Ah, but what would Captain Marvel review be without talking about the comedy of the Marvel film? Yes, there is a comedy, and yes, at times it is too much. But I’ll give the film credit, they play it off well. However, at times they get a little to “nudge nudge” in terms of canon and how to defy expectations. Goose. That’s all I’m saying.
Oh, and without getting into spoilers, if you think that what happens with Goose is great, but what Aquaman did with Toppo the Octopus is bad? You’re part of the problem.
Special props though to both the SFX team and the costume designers. The Kree, Carol, the Skrulls, the Supreme Intelligence and more were all done rather epically. And when Carol gets her suit, you can’t help but smile.
Aside from my thoughts on Brie Larson (again, she was good in the role, just not great in my mind), the other major faults with Captain Marvel lie in the pace of it. The beginning and ending are intense and quick. But then in the middle, it really drags on at times, and it almost hurts one of the big twists in the movie. Also, they made some questionable decisions in regards to a key piece of Marvel Cinematic Universe history and how it ties into the plot.

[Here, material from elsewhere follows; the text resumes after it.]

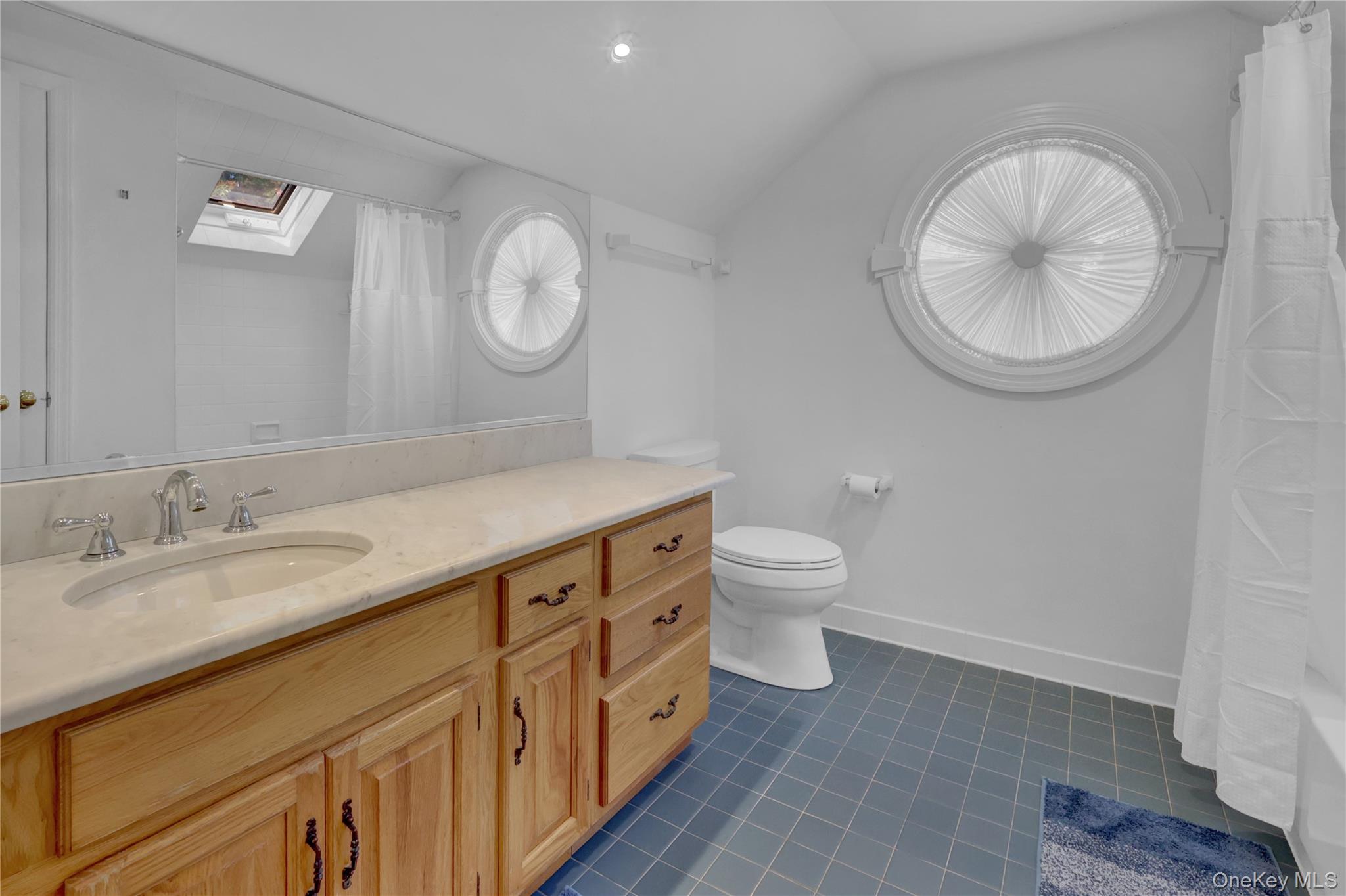 111 Old Field Road Setauket, NY 11733 - Photo 24 of 47 a spacious bathroom with 2 sink and a mirror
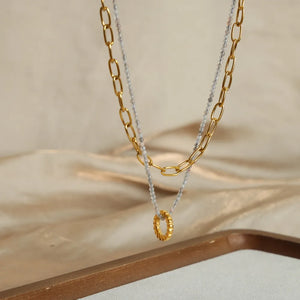 Gold layered chain and beaded pendant necklace with a textured ring detail.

Still, for all its faults, Captain Marvel is a very solid film. It’s not the best one out there, and I wouldn’t even go and say that it helps “breaks boundaries” and all of that. But it never really needed to, that was the pressure media and news outlets put on it. You should go to a Marvel movie to enjoy it, and in that regard, Captain Marvel soars.
Captain Marvel Review
While not the best Marvel film ever, Captain Marvel brings an important hero to the fold in a big way. And its strengths outweigh its weaknesses more often than not.